Thus a space at the beginning of a '' sequence is ignored; to start with
a space use two spaces; to start with ' >' use ' >'.
*Logic: the parser works down the line seeing if it matches the form.
as soon as it fails, it drops out and tries with the next line
until there are no more lines. Then it returns a fail.
If it succeeds on any line (ie gets to the end) it returns a
success, ignoring further lines. So ordering is important to ensure
the maximum length is parsed (eg '3.2' might succeed as '3')
*NOTE: special symbols /'xy' and ! always succeed, so care must be taken
when using them to order symbols containing them in the fonts list
of a state in such a way as to avoid unconditional looping.

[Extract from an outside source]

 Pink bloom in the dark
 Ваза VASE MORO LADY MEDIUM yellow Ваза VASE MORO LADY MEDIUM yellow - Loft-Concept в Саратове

The following symbols act as logical operators:
(<form>,<form>,....)
This is 'optional'. The () must contain at least one form.
The parser keeps trying forms until one works, then skips to the
end of the bracket, omitting the others. If none works, it carries
on anyway.
[<form>,<form>,....]
This is 'choose 1'. As before but if none works, it fails the whole
line.
{<form>}
This is 'repeat at least once'. <form> is tried once. If it fails,
the whole line fails. If it succeeds, then the parser keeps trying
<form> until it does fail, then carries on with the rest of the line.
*So, complex maps can be built, Eg:
['A','B','C']('+','-')#
will succeed when the string is one of the letters A,B,C followed
by an optional + or - (but not both) and a compulsory word of at
least one and maybe more digits.
*Brackets can be nested, Eg:
#(['E','D']('+','-')#)
provides for an integer with double precision exponent.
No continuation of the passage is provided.